Children of the 21st century

I have often discussed the dissonance that comes from staring 40 in the face while still feeling like I’m 18.  Or maybe 21.

But now and then I am reminded that I can’t be that young anymore, mostly when I realize that Grace and Whit really are growing up in a hugely different world than the one in which I did.  I love those lists of things that children of the 70s can relate to, and they always make me laugh.

Grace and Whit, though, are children of the 21st century.  Herewith, eleven ways my children are growing up in a world different than that in which I was a child:

1. They love – in fact, prefer – to talk on the phone on speaker.  This segues nicely into being very comfortable with FaceTiming.  I had a conversation recently with the ear of someone in their 60s over FaceTime because they assumed that you hold a phone to your ear.  I’m somewhere in between these two poles.  We’ve come a long way from the phone on the kitchen wall with the long twisty cord.
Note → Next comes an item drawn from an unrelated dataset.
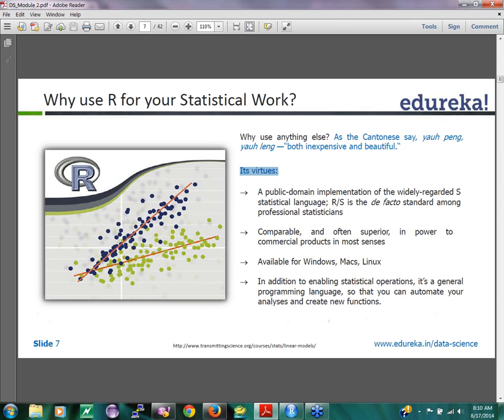One of the advantages of R is that you don't have to write a lot of code. There are many powerful functions that can simulate for-loops and if-loops themselves, so you write very minimal code for doing your analysis. Just 50 or 100 lines of code can give you a complete analysis for what you want to do.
2. They don’t think a device needs charging until it is actually dead.  I start looking around frantically for a plug when I’m at about 70%.

3. Their passion for YouTube knows no bounds.  It is almost always the first stop in trying to find anything – music OR video – online.

4. They love scented things.  This may not be generational, but in our house it is.  Grace walks around billowing clouds of Wonderstruck by Taylor Swift.  Me?  Unscented.  Less glamour, sure, but also less choking.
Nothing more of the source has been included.